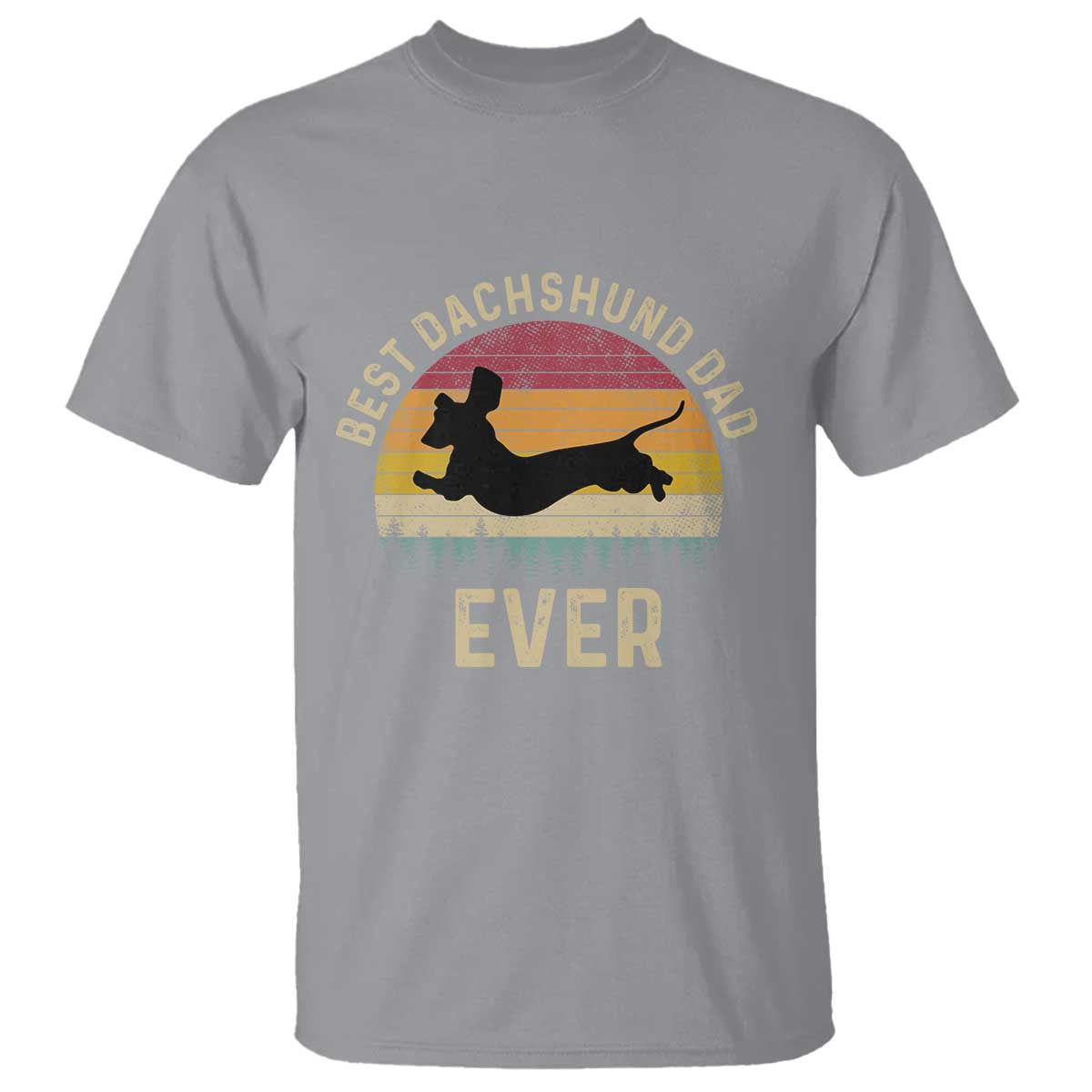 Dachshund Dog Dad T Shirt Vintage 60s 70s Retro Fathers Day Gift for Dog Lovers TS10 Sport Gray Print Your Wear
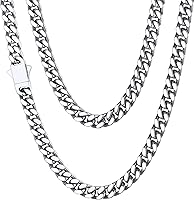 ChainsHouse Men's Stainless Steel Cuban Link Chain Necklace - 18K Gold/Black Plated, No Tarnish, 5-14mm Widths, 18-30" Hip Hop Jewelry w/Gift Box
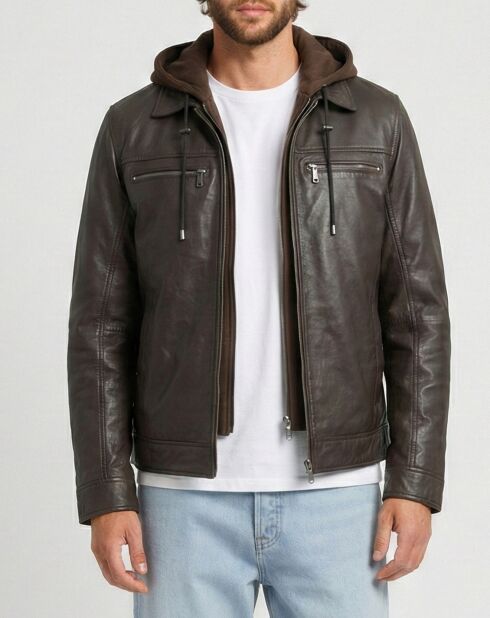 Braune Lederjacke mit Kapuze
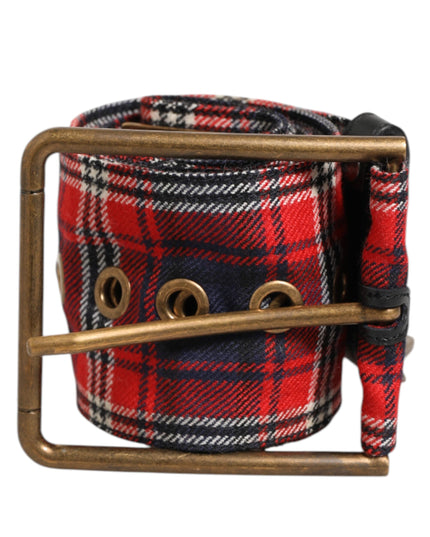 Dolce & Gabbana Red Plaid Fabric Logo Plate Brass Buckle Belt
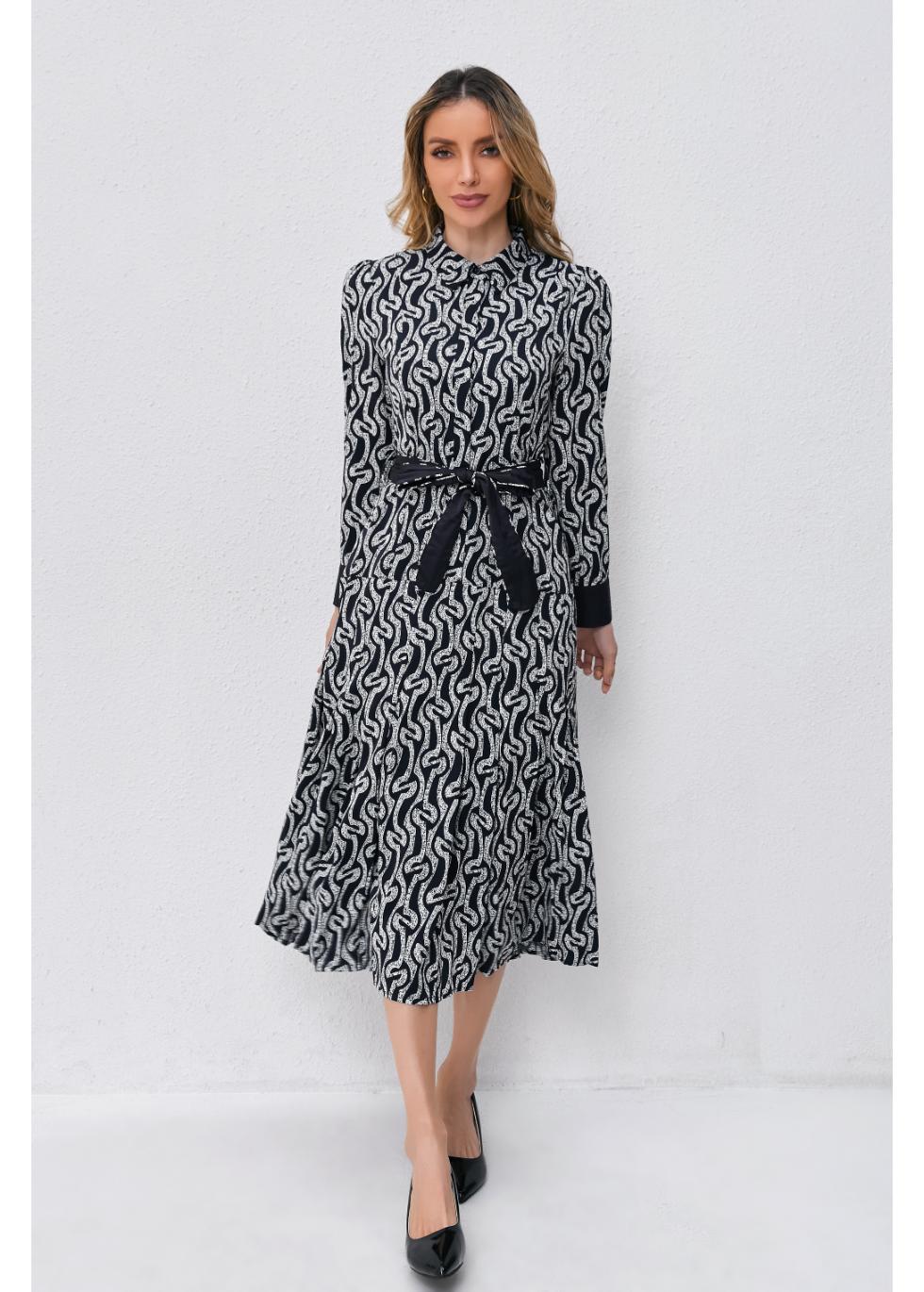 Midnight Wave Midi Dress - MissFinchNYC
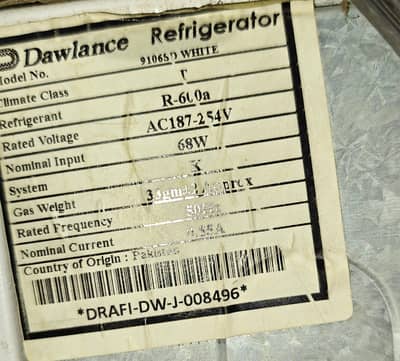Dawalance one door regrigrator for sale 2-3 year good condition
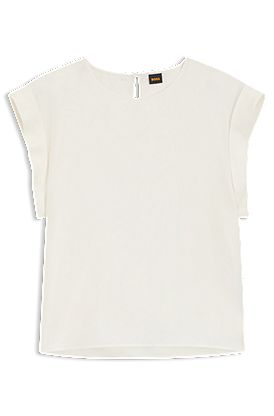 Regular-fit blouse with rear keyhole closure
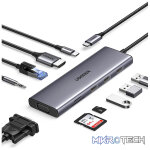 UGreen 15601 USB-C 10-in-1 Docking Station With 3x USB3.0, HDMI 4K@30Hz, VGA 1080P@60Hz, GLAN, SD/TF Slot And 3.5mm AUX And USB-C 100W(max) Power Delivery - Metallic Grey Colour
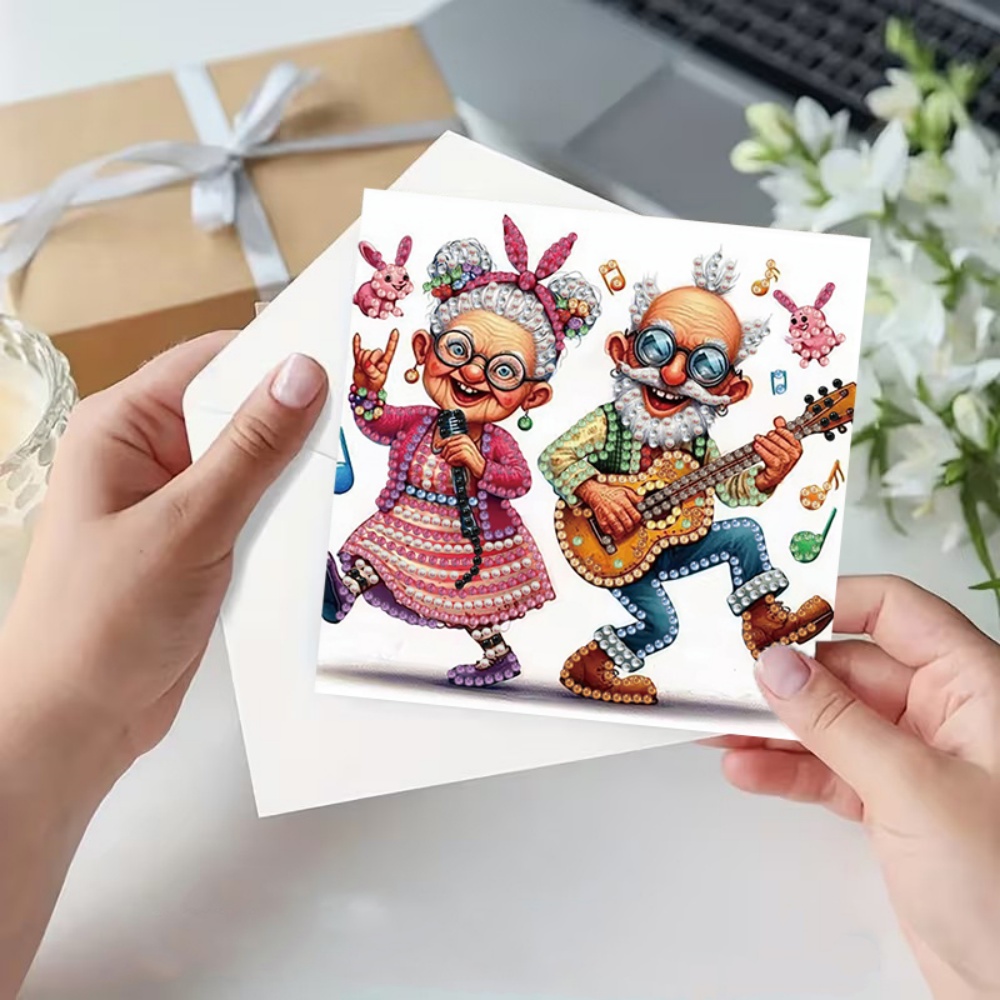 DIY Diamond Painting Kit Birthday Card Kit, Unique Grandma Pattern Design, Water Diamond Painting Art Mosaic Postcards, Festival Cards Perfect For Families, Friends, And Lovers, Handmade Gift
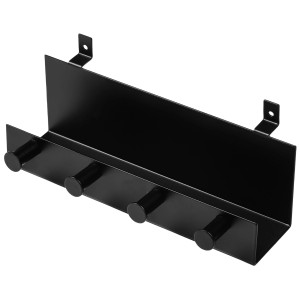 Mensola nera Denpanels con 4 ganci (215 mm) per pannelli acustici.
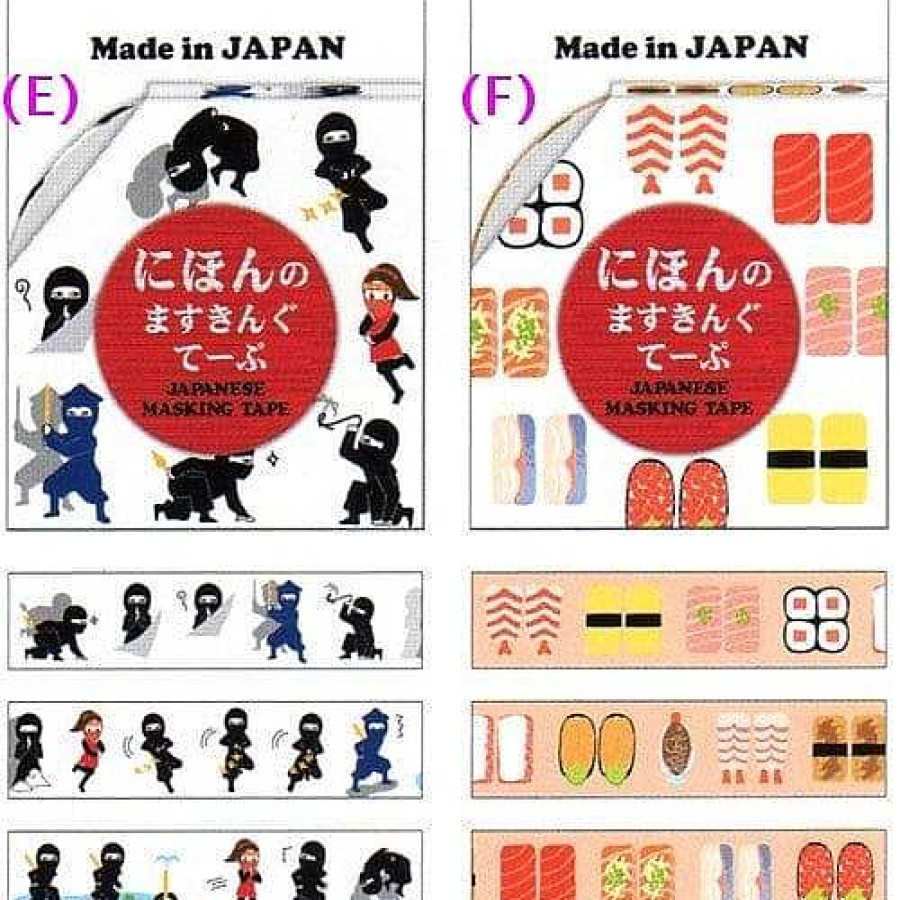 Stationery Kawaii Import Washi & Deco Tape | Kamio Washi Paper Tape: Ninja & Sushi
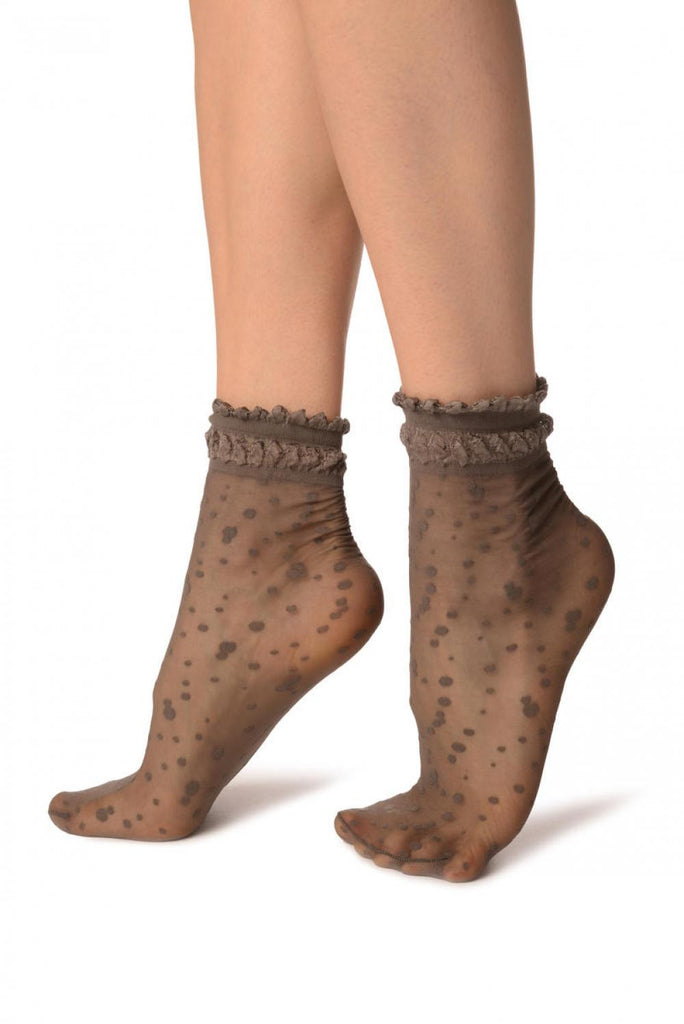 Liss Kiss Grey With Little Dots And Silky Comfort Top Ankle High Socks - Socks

◆ ◆ ◆

* Exercise brief
Please repeat every record above exactly, leaving the pictures out.

* Solution to this problem
 Dachshund Dog Dad T Shirt Vintage 60s 70s Retro Fathers Day Gift for Dog Lovers TS10 Sport Gray Print Your Wear
 ChainsHouse Men's Stainless Steel Cuban Link Chain Necklace - 18K Gold/Black Plated, No Tarnish, 5-14mm Widths, 18-30" Hip Hop Jewelry w/Gift Box
 Braune Lederjacke mit Kapuze
 Dolce & Gabbana Red Plaid Fabric Logo Plate Brass Buckle Belt
 Midnight Wave Midi Dress - MissFinchNYC
Dawalance one door regrigrator for sale 2-3 year good condition
 Regular-fit blouse with rear keyhole closure
 UGreen 15601 USB-C 10-in-1 Docking Station With 3x USB3.0, HDMI 4K@30Hz, VGA 1080P@60Hz, GLAN, SD/TF Slot And 3.5mm AUX And USB-C 100W(max) Power Delivery - Metallic Grey Colour
 DIY Diamond Painting Kit Birthday Card Kit, Unique Grandma Pattern Design, Water Diamond Painting Art Mosaic Postcards, Festival Cards Perfect For Families, Friends, And Lovers, Handmade Gift
 Mensola nera Denpanels con 4 ganci (215 mm) per pannelli acustici.
 Stationery Kawaii Import Washi & Deco Tape | Kamio Washi Paper Tape: Ninja & Sushi
 Liss Kiss Grey With Little Dots And Silky Comfort Top Ankle High Socks - Socks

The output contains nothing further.